Reviewed by P.P.O. Kane
The King’s Gambit for the Creative Aggressor
By Thomas Johansson
Schachverlag Kania, 2005
Quite an old book, having made its first appearance in 1998, but the King’s Gambit (1.e4 e5 2.f4) is itself a venerable opening and moreover one that has always promised entertaining and enterprising play, right from the start. It is still nowhere near to being refuted; and this excellent book provides, still, a useful survey of the opening.
The many complex positions that the King’s Gambit gives rise to present an ideal opportunity for learning how to exploit an initiative or a lead in development, and of course for learning how to attack. Johansson’s recommended repertoire is quite narrow and focused, as he himself concedes in the introduction, but it is thorough in regard to those lines that he does recommend. And note also that, like Joe Gallagher in Winning with the King’s Gambit (1993), he considers only the King Knight’s Gambit (3.Nf3) not, for example, 3. Bc4, the move favoured by Fischer.

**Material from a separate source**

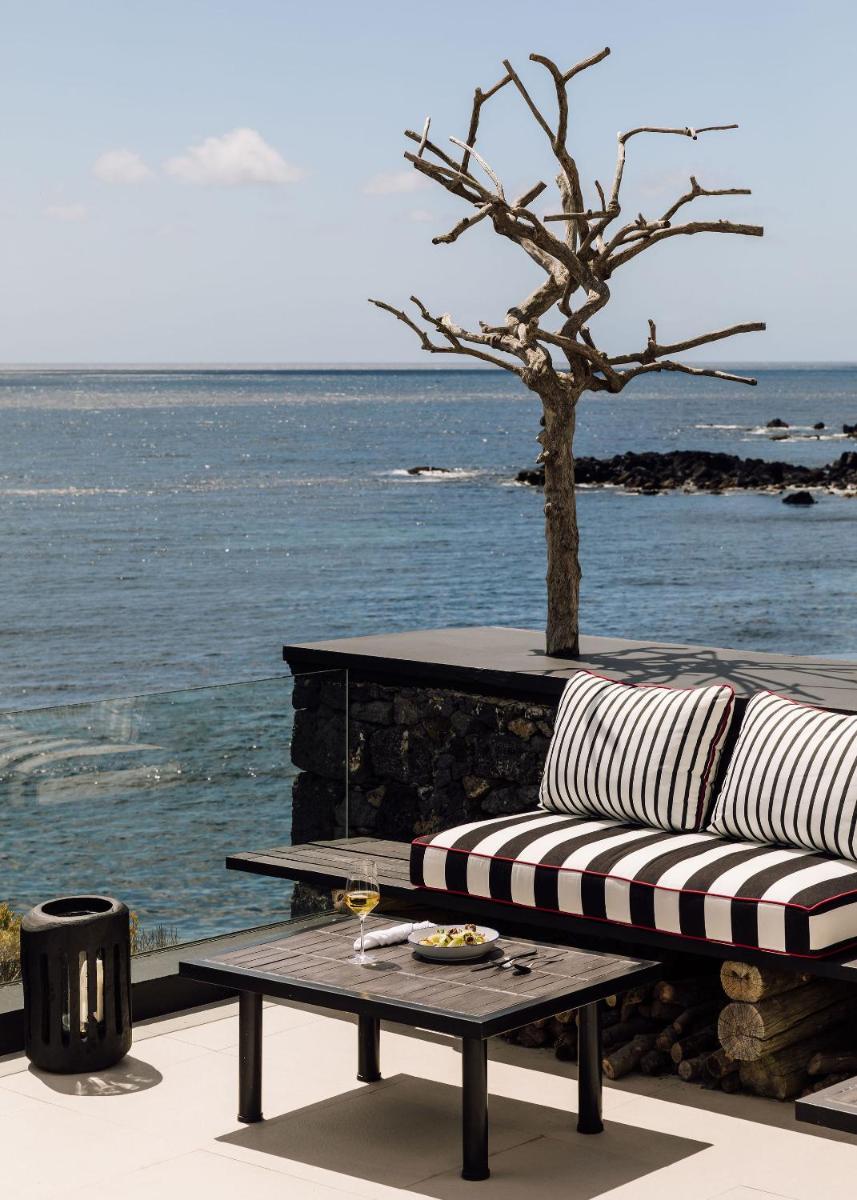 White Exclusive Suites & Villas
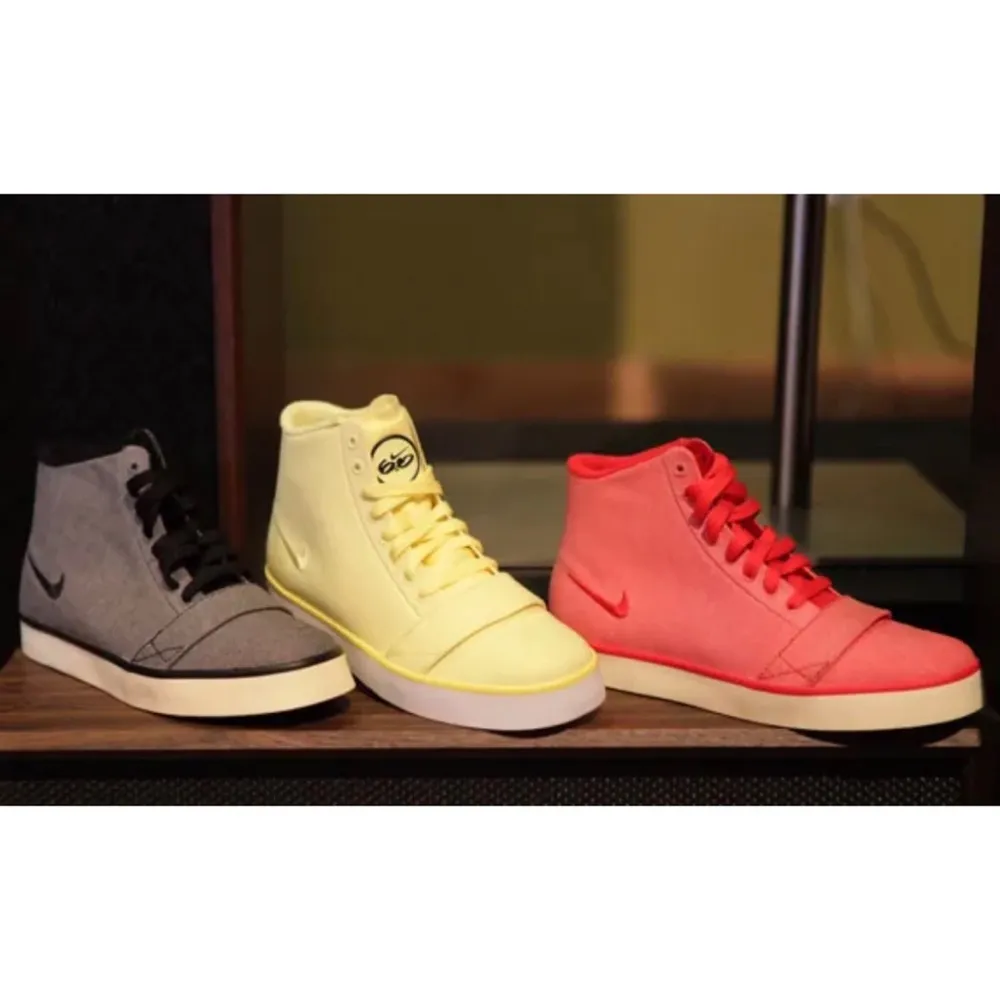 Nike 6.0 WMNS Balsa Mid Yellow Sneakers Size 7.5 - Image 3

Johansson begins by looking at various ways by which Black can decline the gambit (e.g. 2…Bc5 and 2…Qh4+) or go onto the offensive (with Falkbeer’s 2…d5 or 2…Nc6 3.Nf3 f5!?) at move two. His focus then shifts towards the intricacies of the King’s Gambit proper, where Black accepts the pawn (2…exf4 3.Nf3), including Fischer’s supposed ‘bust’ (3…d6) and the various tendrils that make up the Kieseritzky Gambit (3…g5 4.h4 g4 5.Ne5; and, incidentally, an interesting original suggestion of Johansson’s is 5.Nd4!? instead of 5.Ne5).
One practical advantage to playing the King’s Gambit is that you cannot get sidetracked into other openings. If you play the Spanish or the Scotch, for example, you have to reckon with encountering the Philidor or the Petroff (amongst others) instead. There’s none of that here: with 2.f4 White sets out his stall and determines the future course of the play.
This book is a good guide to some of the wares that the King’s Gambit has to offer.